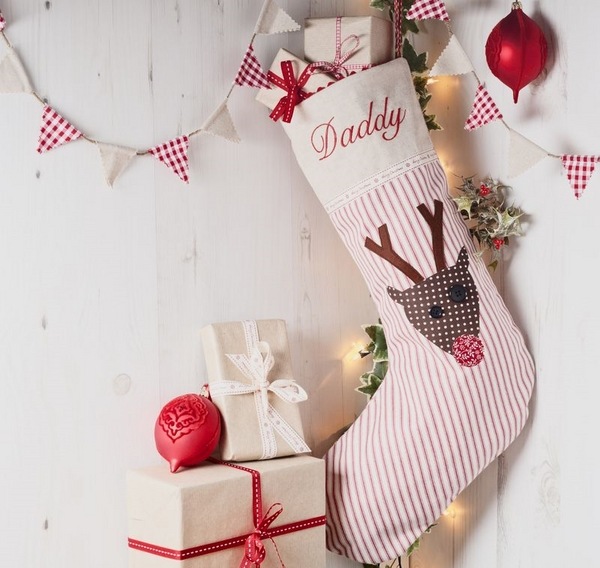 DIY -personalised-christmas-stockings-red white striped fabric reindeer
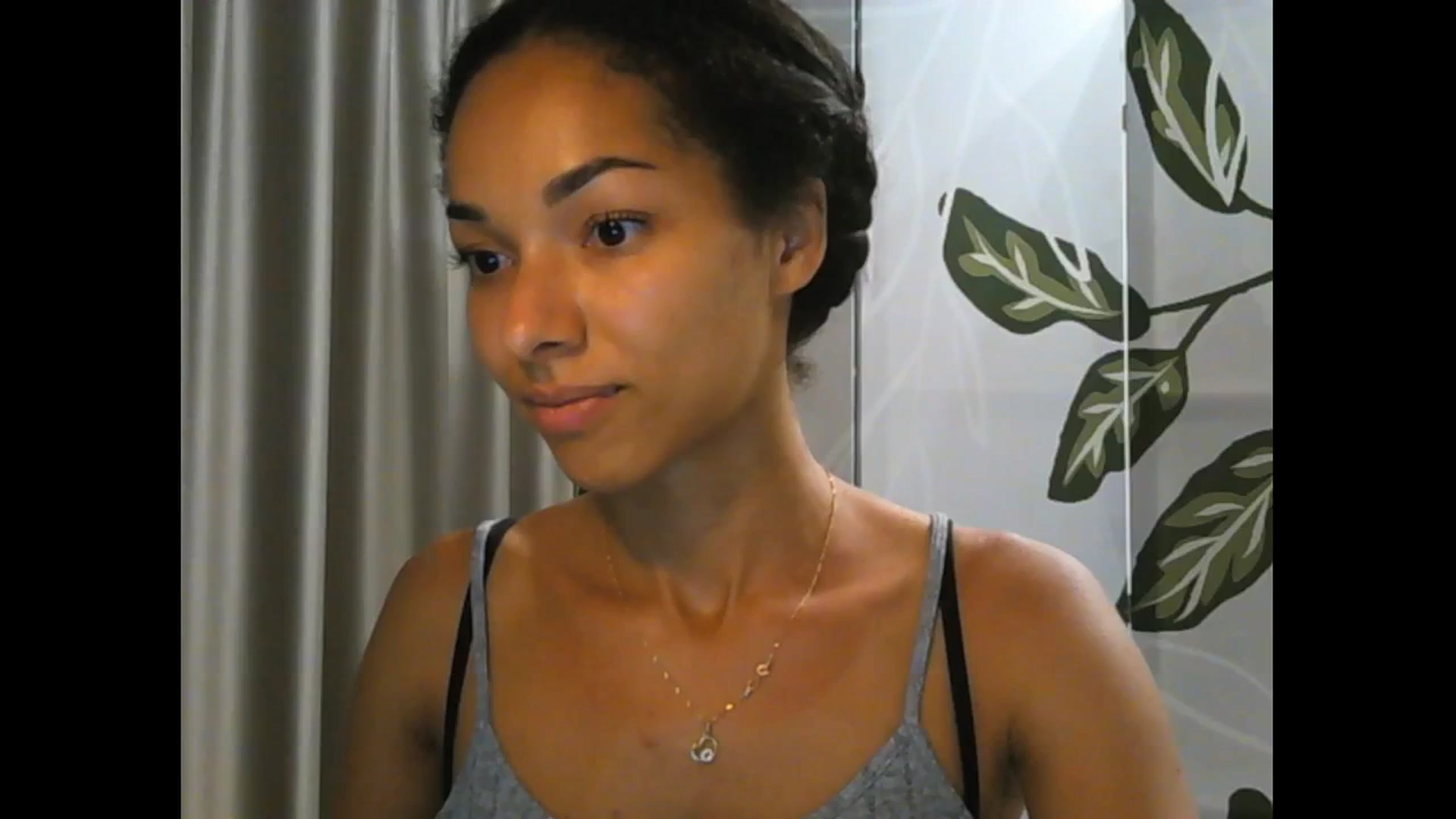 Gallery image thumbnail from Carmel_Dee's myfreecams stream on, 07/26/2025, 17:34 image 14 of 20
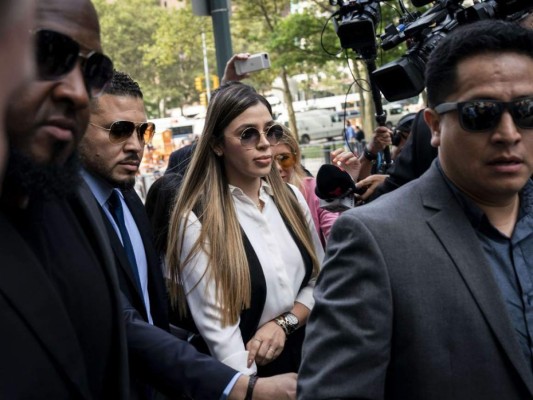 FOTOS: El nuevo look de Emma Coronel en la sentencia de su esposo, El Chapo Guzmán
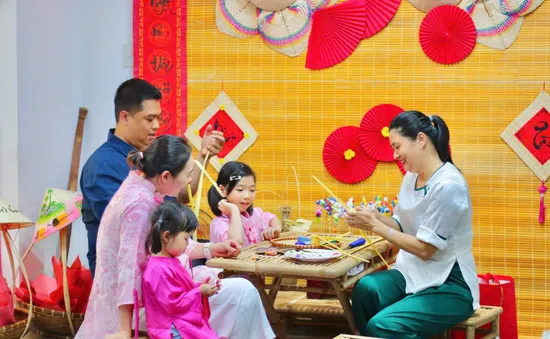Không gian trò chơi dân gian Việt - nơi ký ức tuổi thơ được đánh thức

---

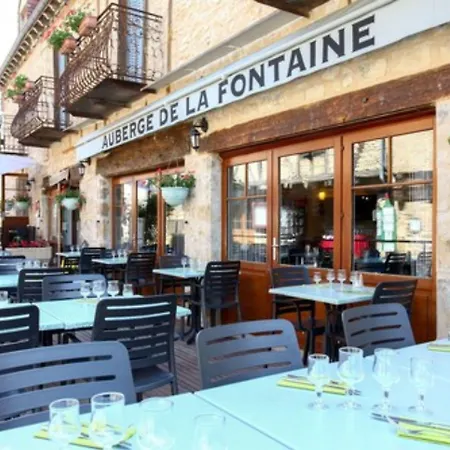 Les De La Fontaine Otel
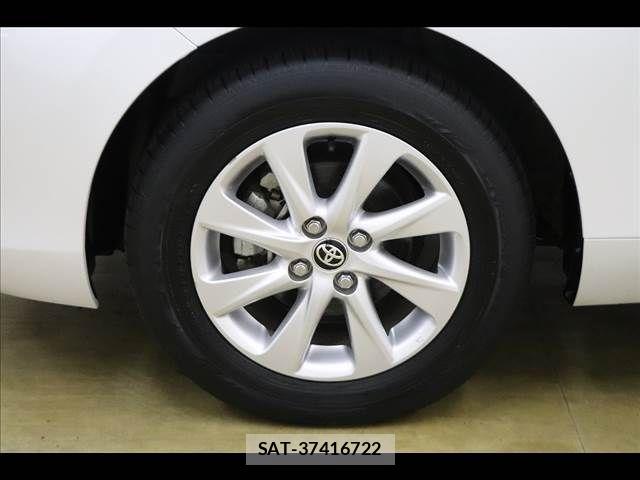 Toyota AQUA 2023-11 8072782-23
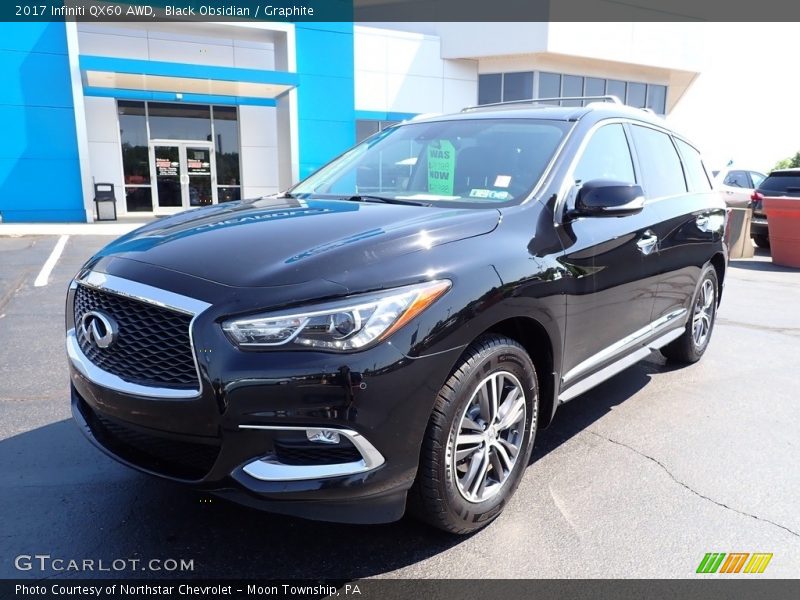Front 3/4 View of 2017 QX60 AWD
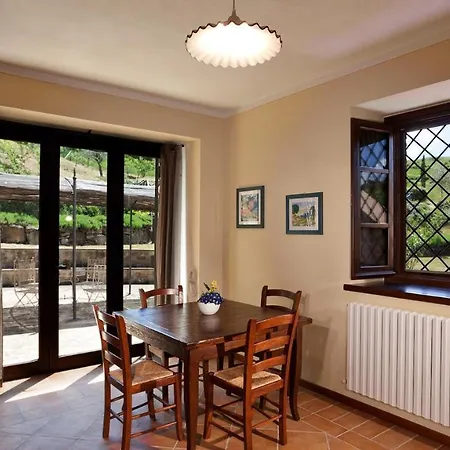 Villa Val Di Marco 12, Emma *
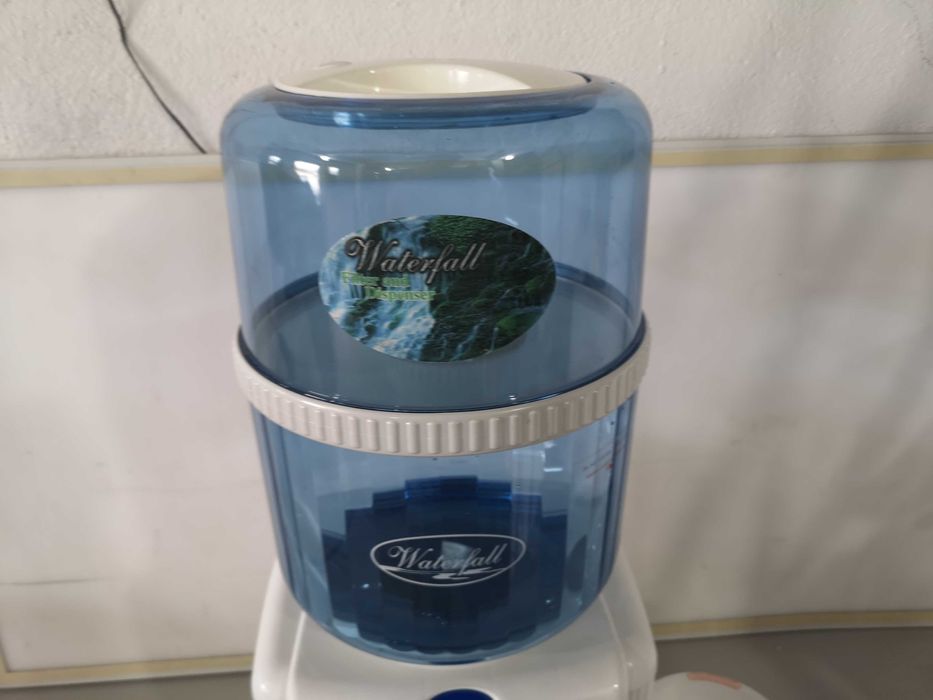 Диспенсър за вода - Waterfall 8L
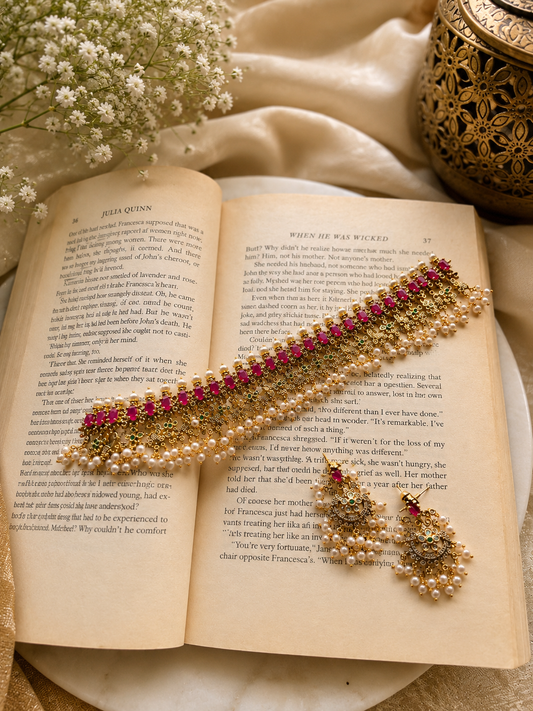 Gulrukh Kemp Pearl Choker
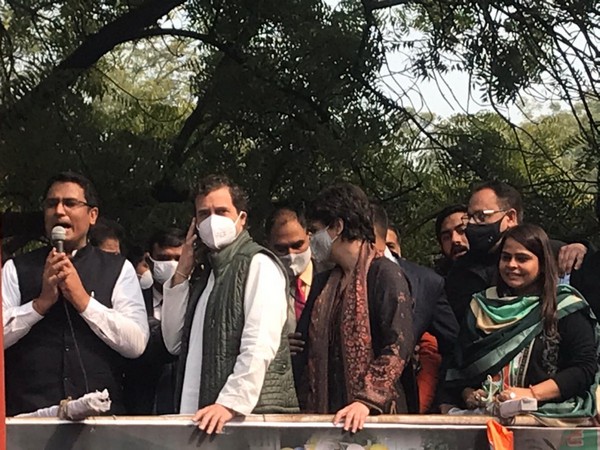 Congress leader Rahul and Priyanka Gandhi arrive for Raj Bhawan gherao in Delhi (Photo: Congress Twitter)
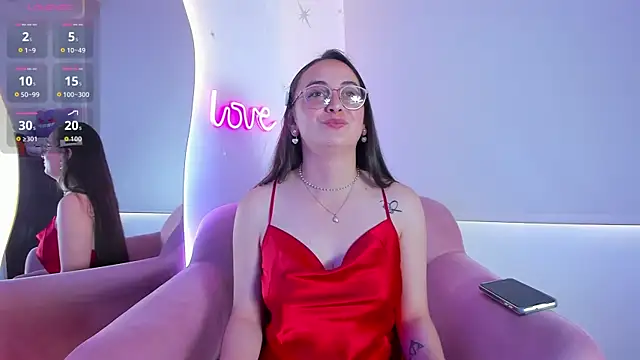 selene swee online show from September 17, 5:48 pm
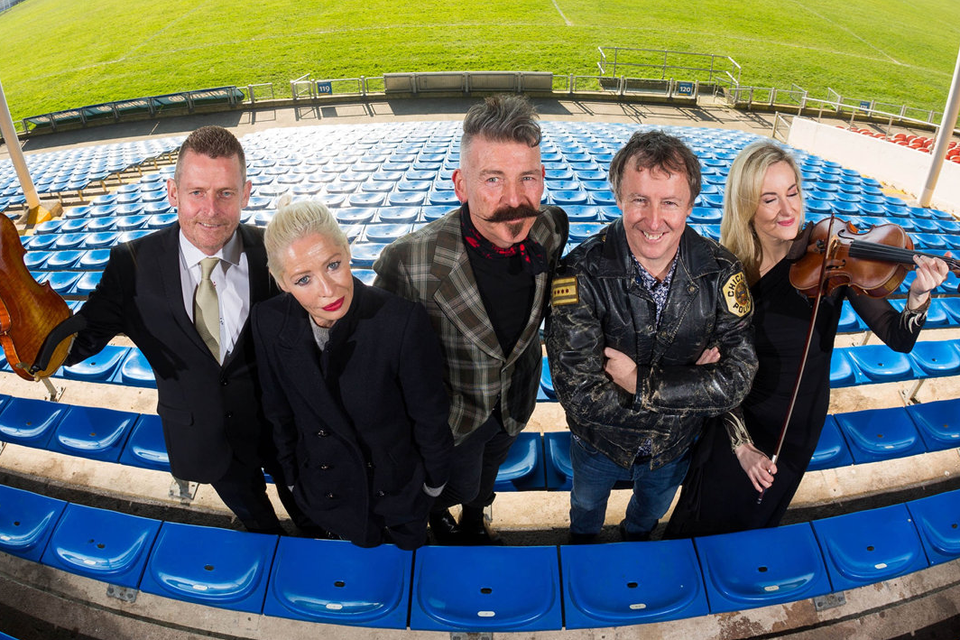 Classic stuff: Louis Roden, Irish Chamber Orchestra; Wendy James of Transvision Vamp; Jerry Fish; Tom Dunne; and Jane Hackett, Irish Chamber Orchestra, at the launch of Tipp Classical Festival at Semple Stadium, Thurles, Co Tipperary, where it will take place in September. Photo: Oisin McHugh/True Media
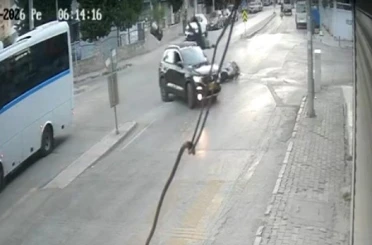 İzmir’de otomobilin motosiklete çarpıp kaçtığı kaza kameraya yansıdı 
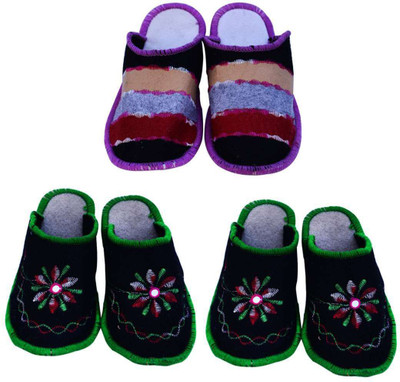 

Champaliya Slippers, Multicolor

■ **PROBLEM DETAILS**
Pictures excluded, reproduce only the part above that opens with the line holding "Classic stuff: Louis" and closes with the line holding "Champaliya Slippers, Multicolor", exactly as written.

■ **SOLUTION FOR THIS EXERCISE**
 Classic stuff: Louis Roden, Irish Chamber Orchestra; Wendy James of Transvision Vamp; Jerry Fish; Tom Dunne; and Jane Hackett, Irish Chamber Orchestra, at the launch of Tipp Classical Festival at Semple Stadium, Thurles, Co Tipperary, where it will take place in September. Photo: Oisin McHugh/True Media
 İzmir’de otomobilin motosiklete çarpıp kaçtığı kaza kameraya yansıdı 

Champaliya Slippers, Multicolor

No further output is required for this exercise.